Foi lá que eu tive acesso às músicas de rua; do rap, das coisas latinas também. Eu morava num bairro que era majoritariamente latino americano negro e eu via rap o dia todo. Foi aí que eu conheci a Erykah Badu, a Lauren Hill, foi aí que eu via o cara do Beastie Boys andando de patinete… foi o ano que eu comecei a compor coisas do Brasil, porém dentro desse universo muito fervilhante. Foi muito decisivo pra mim. Penso que esse ano conta bastante da minha história. Não a toa eu resolvi cantar Beastie Boys. Achei que tinha a ver trazer uma banda que é originalmente punk e migra pro rap e faz uma bossa nova. É por aí.
De que forma a canção que leva o nome do álbum reflete o disco completo? Mistura de tudo, e isso lembra Salvador, que tem uma diversidade de ritmos e gêneros musicais.
Primeiro pela grandiosidade da canção, pelo impacto… pelo texto do Ronaldo Bastos nessa letra. Que quando eu falei que queria cantar Milton, tinha essa lista grande de Milton. O Marcus me ajudou muito no processo. E essa canção eu conhecia, mas ela bateu de um jeito diferente durante a pandemia hard. Nem vacina tinha ainda…
Tem uma coisa também de uma ordem de esperança. Também falar sobre sonhos que são deixados ali. E que ficam. Ela tem esse chamado pra construção de um novo sonho. Eu acho que era emblemática para ilustrar o disco. É um gosto de sol né.

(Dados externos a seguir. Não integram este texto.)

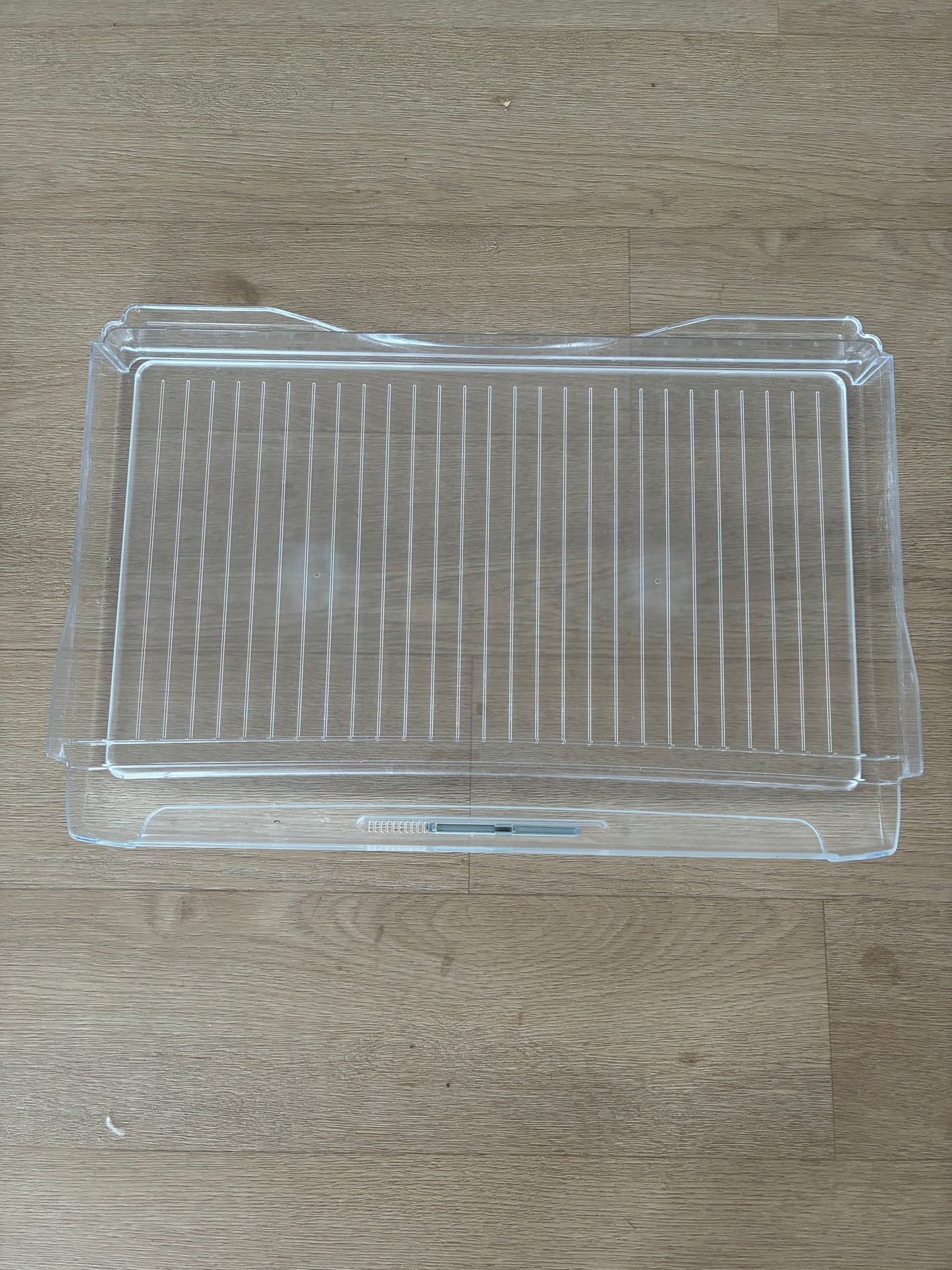 1441845 1446113 1454520 4055922712 Electrolux Kelvinator Simpson fridge freezer crisper bin vegetable drawer cover lid shelf assembly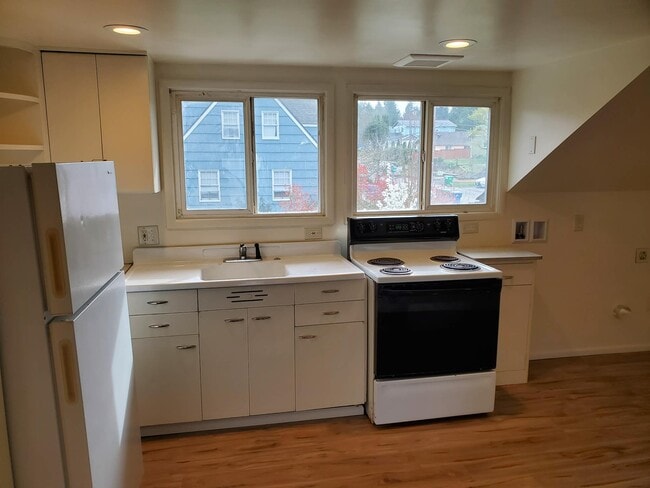 Photo - 1114 9th Ave SE Unidad 1116 9th Ave SE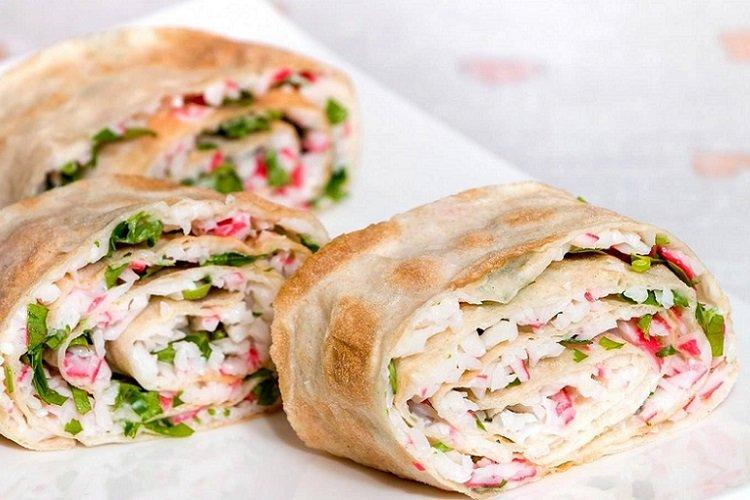 Лаваш с начинкой из крабовых палочек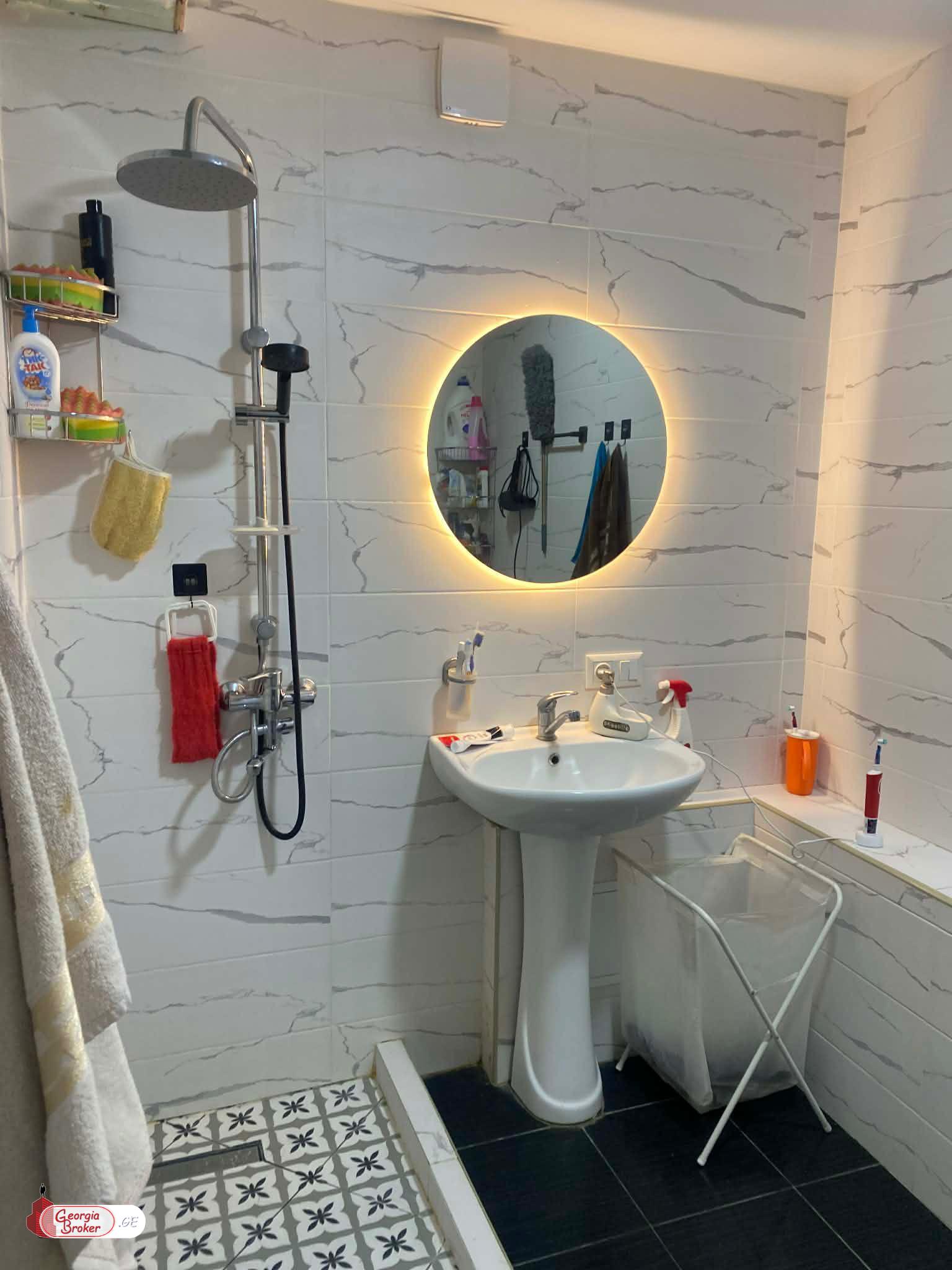 იყიდება ახალი გარემონტებული 4 ოთახიანი ბინა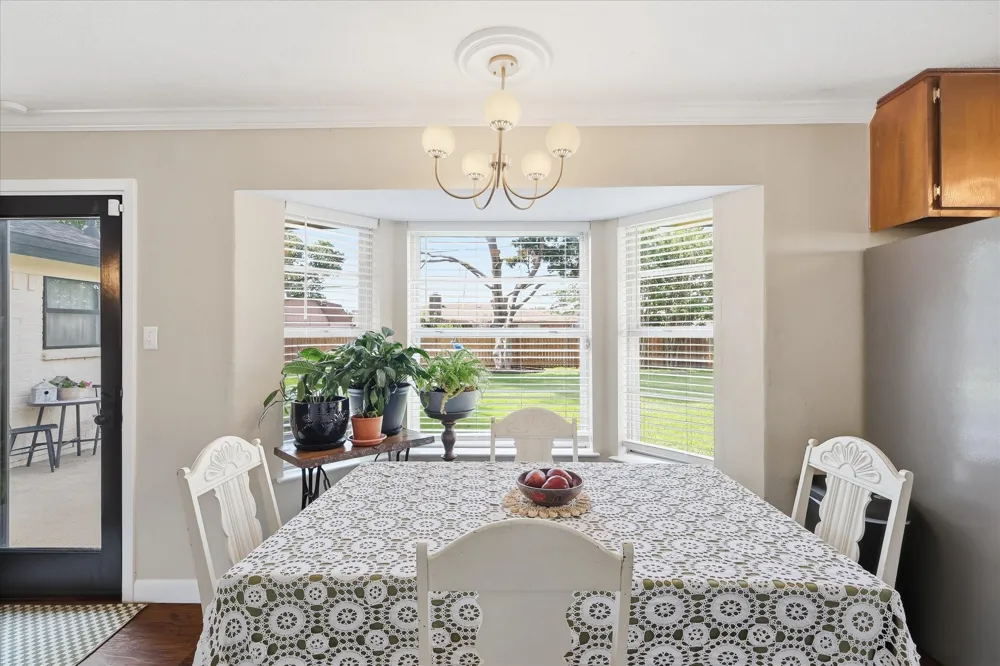 217 E Louella Drive Hurst, TX 76054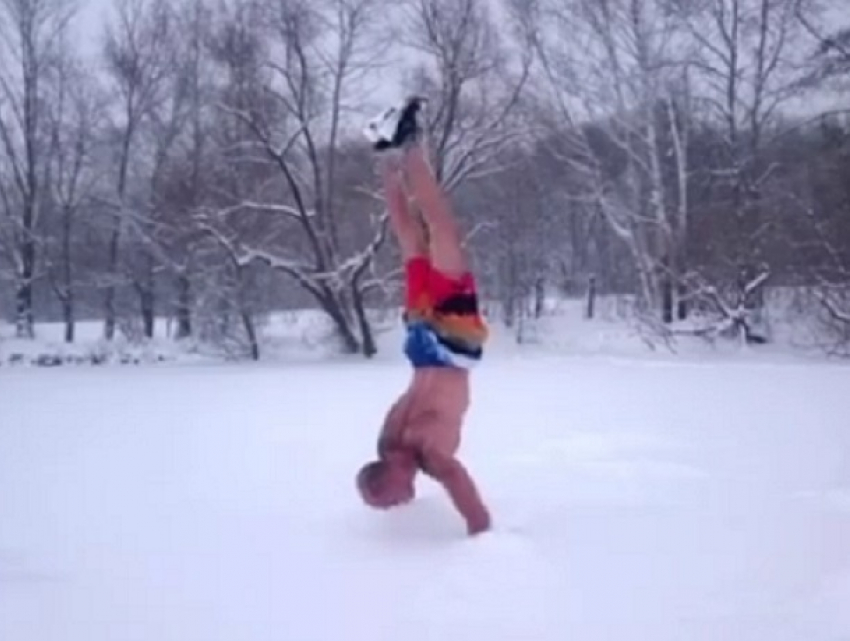 Брутальная тренировка раздетого воронежца в снегу попала на видео 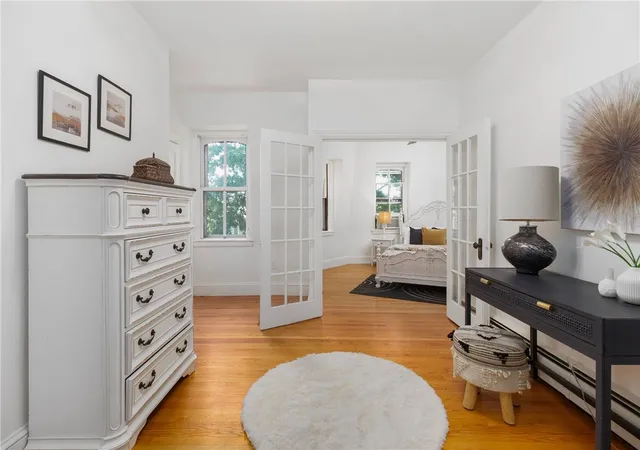 Homes for sale in Providence, RI | 43 Chapin Ave #4, Providence, RI 02909 | MLS# 1417051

É o que a gente almeja, o que a gente deseja. No entanto não é gosto do sol. Porque não há gosto do sol. A gente ainda ainda tá longe disso. Mas há um gosto de sol.
E fala sobre essa ambivalência que não tinham o sol, por exemplo, com o confinamento… quantas pessoas eu vi que estavam sem nenhuma fresta de sol durante… e também quantas pessoas expostas… que estavam pro front, fazendo as coisas… é e essa expressão, que já traz muitas reflexões. Mas a própria canção, que já é grandiosa por si, só do Milton e do Ronaldo. Mas lembrar do que a gente quer. Do desejo real do álbum, que é a nova aurora, que é um lugar de reavaliação e de reconstrução, acho que era a música que mais decifrava o álbum mesmo. E fez todo sentido. Foi por isso que ela foi a eleita.
Você comentou como a leitura inspira na composição. Você poderia mencionar um livro específico que te tenha causado isso?
Gosto de falar dos que eu estou vendo. Tem o “Som do Rugido da Onça”, que é um que estou apaixonada, que fala sobre essa questão de decolonizar o Brasil. É muito interessante. Eu li tudo do Krenak. Eu sou muito apaixonada por Manoel de Barros. Neruda, principalmente os poemas de amor do Neruda, Clarice Lispector… Enfim, eu acho que sou o tipo de pessoa que me engrandeço na grandeza dos outros. Sempre é uma coisa coletiva. Sozinha acho que sou nada. É como se a chama que o outro propusesse me acendesse. Então eu vou ao cinema e me sinto inspirada, leio um livro e me sinto inspirada. Eu ouço até músicas de outras pessoas e me sinto inspirada. Acho que é a arte isso, né?